Normally, I do not take up space explaining my books or answering questions about them. They are meant to speak for themselves, or not at all. If there are jests or allusions to other authors in my work, these are spoilt if I need to amplify them.

And, frankly, my books are patterned after the kind of book I like to read: lighthearted escapist fare, full of action and fury, with relatively little pondering of deep issues with which anyone would take issue.

Of course, the weasel word there is ‘relatively.’ Try as I might to keep it light, a certain amount of ponderous philosophic profundity tends, entirely without my consent, to creep into my work from some hidden hemisphere of my brain. Here I can only throw myself on the blind hope that my beloved readers will be kind enough to tolerate the flaw.

However tolerant the readers are, it is possible that this unintentional profundity obscures the plain meaning of my books, and the inattentive reader might take away a meaning the opposite of my intent.

The fault in such cases is of course mine for being unclear. While it would be more dignified and noble, no doubt, merely to endure the opprobrium my unclarity has summoned up, I confess that a certain base commercial impulse, namely, the desire to sell books, requires that I make a token protest in those few cases where the inattentiveness assumes cyclopean proportions.

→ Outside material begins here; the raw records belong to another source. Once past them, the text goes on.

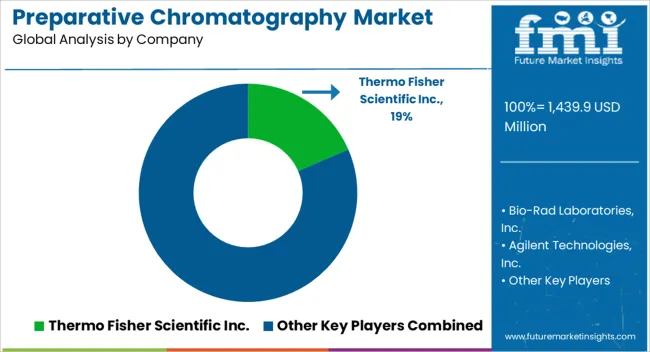 Preparative Chromatography Market Analysis By Company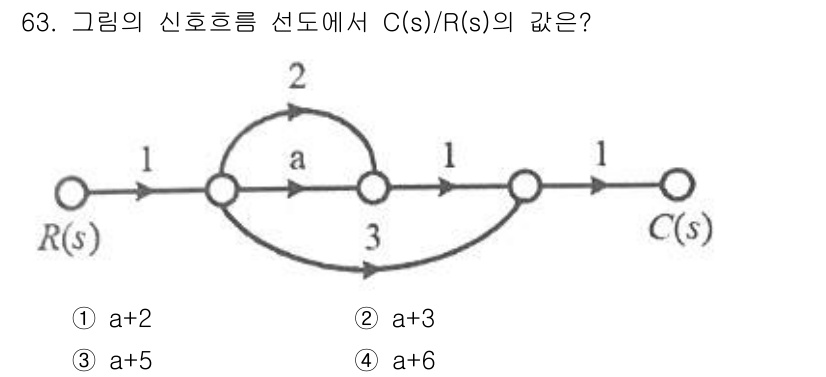 공조냉동기계산업기사 2020년 63번 - 해당 자격증의 핵심 개념을 묻는 객관식 문제
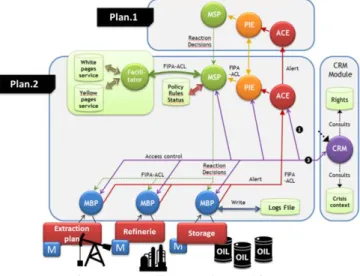 Figure 7. Detailed reaction architecture  A.  ACE Organizational layer 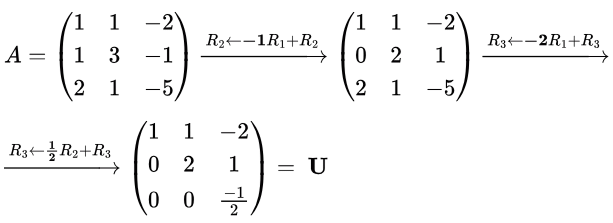 Previous Year Questions: Linear Algebra | Engineering Mathematics for Computer Science Engineering - Computer Science Engineering (CSE)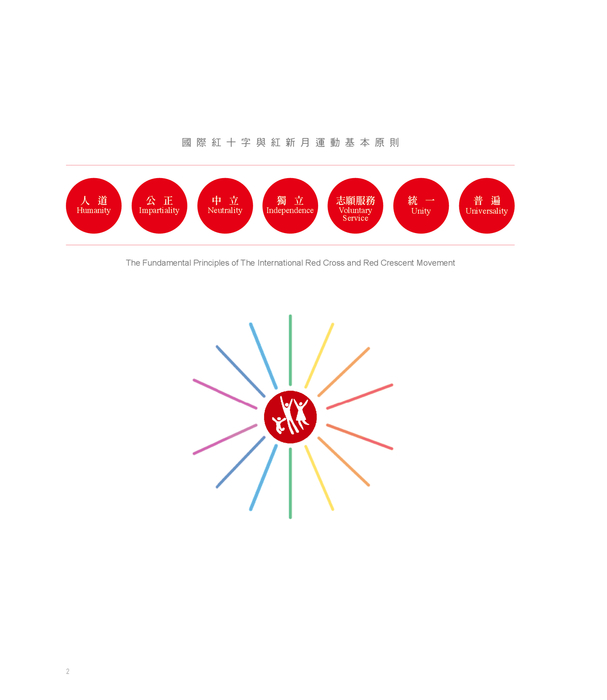 0518 紅十字年報內頁網路版 0518 紅十字年報內頁網路版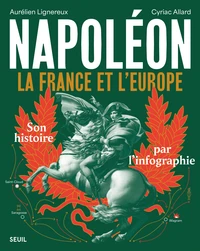 Napoléon, la France et l'Europe
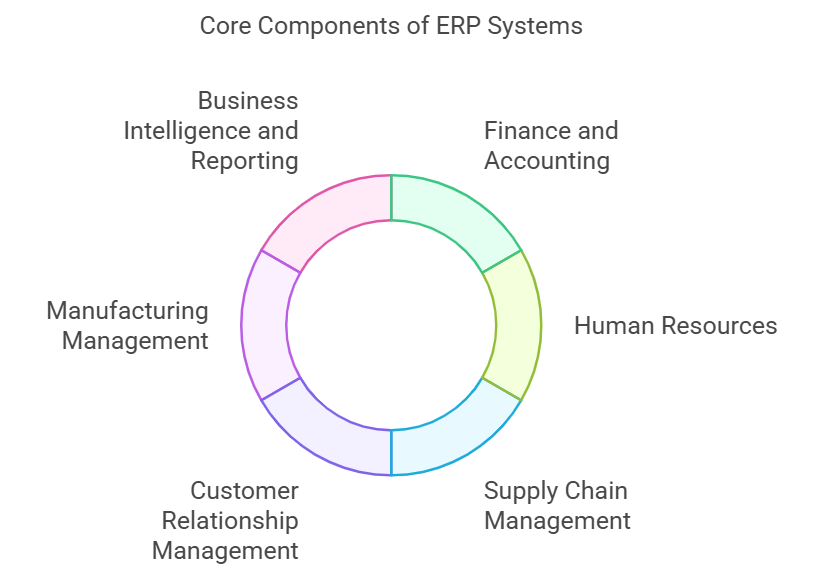 key modules of erp systems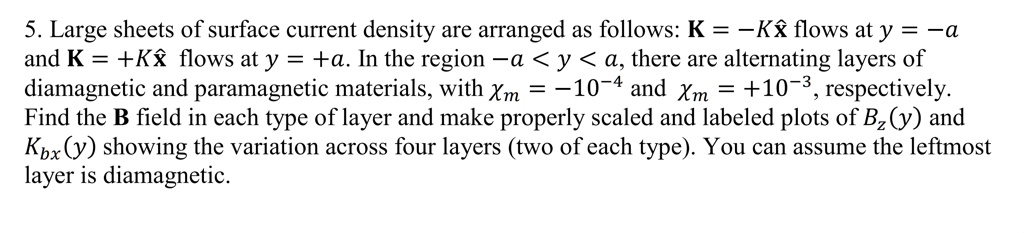 5. Large sheets of surface current density are arranged as follows: K = -Kx̂ flows at y = -a and K = +Kx̂ flows at y = +a. In the region -a < y < a, there are alternating layers of diamagnetic and paramagnetic materials, with = -10^-4 and = +10^-3, respectively. Find the B field in each type of layer and make properly scaled and labeled plots of Bz(y) and Kbx(y) showing the variation across four layers (two of each type). You can assume the leftmost layer is diamagnetic.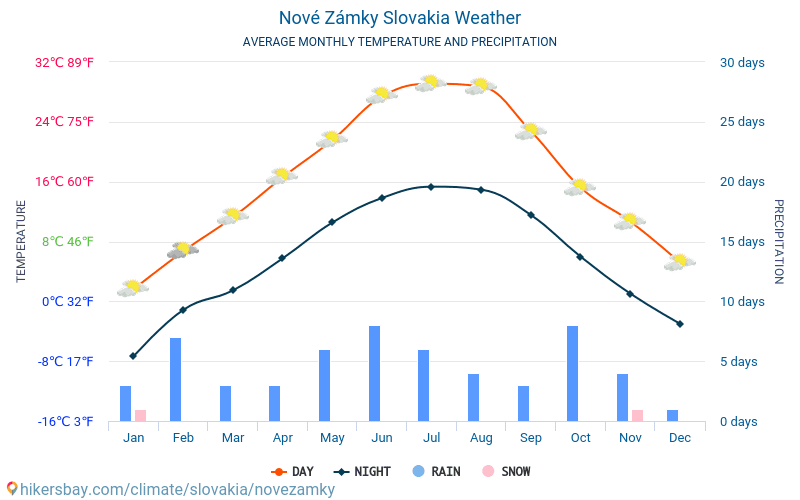 Nove Zāmki - Mēneša vidējā temperatūra un laika 2015 - 2024 Vidējā temperatūra ir Nove Zāmki pa gadiem. Vidējais laika Nove Zāmki, Slovākija. hikersbay.com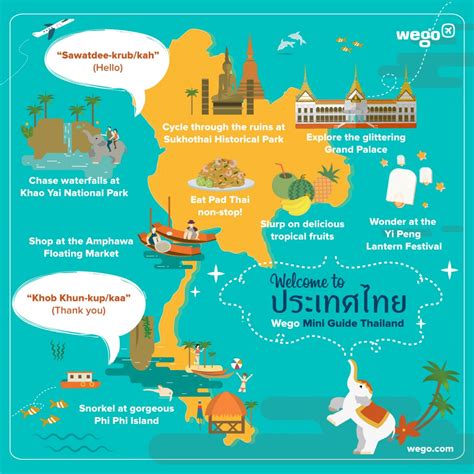 Mini Must Do Guide To Thailand Artofit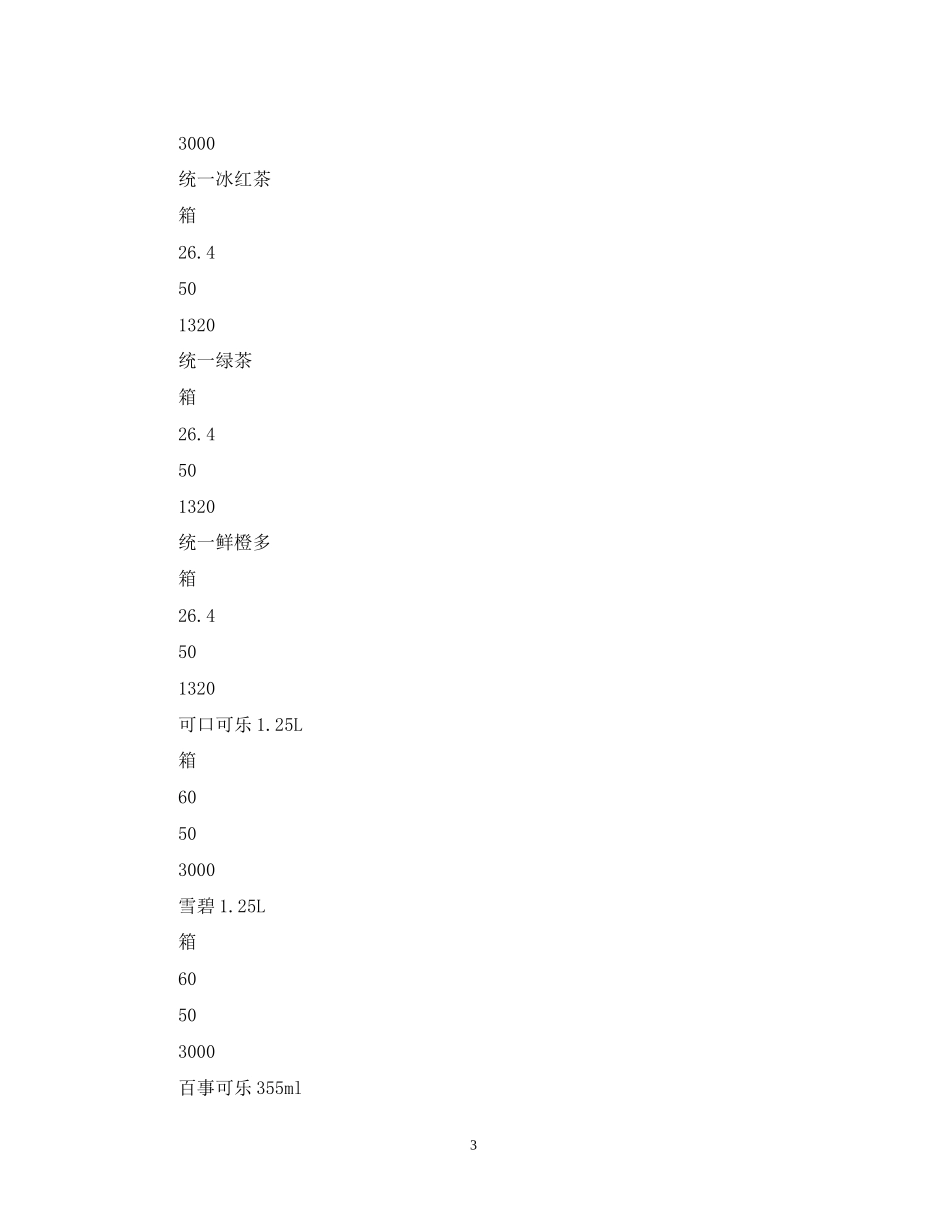 副食品供应合同_第3页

A reader, whose name for courtesy’s sake I withhold, put forward this opinion about my humble work THE HERMETIC MILLENNIA:

“Some of the early bits with the variant humans were interesting, but they turned out to be kind of stereotypical when they got more screen time. Also, apparently they were all innately evil because they didn’t adhere to monogamous Christian 1950s-small-town-America values.”

I think this is a misreading of the text.

Indeed, the very opposite is the meaning of the work, had only I been able to make the meaning clear enough.

I would like to think that this one reader is alone in his interpretation, and to assure any other readers that, if you read with eyes unclouded by hate, you will see what the point of the book actually is.

Unseemly as it is for an author to have to explain his point, I myself am sometimes curious as to what an author had in mind, and should there be a solitary reader out there curious about my work, I am happy to embarrass myself before all the rest of the incurious world to satisfy that solitary fellow.

So instead of describing where or how the misreading went wrong, let me explain something about my personal writing process, and give you a peek behind the curtain to show you how a professional writer makes his auctorial decisions. It is, of course, like watching sausage being made, so the delicate-souled reader is advised to keep his fond illusions intact, and read something else.

For the solitary reader who remains, I can tell you that the short answer is that mostly you steal your ideas.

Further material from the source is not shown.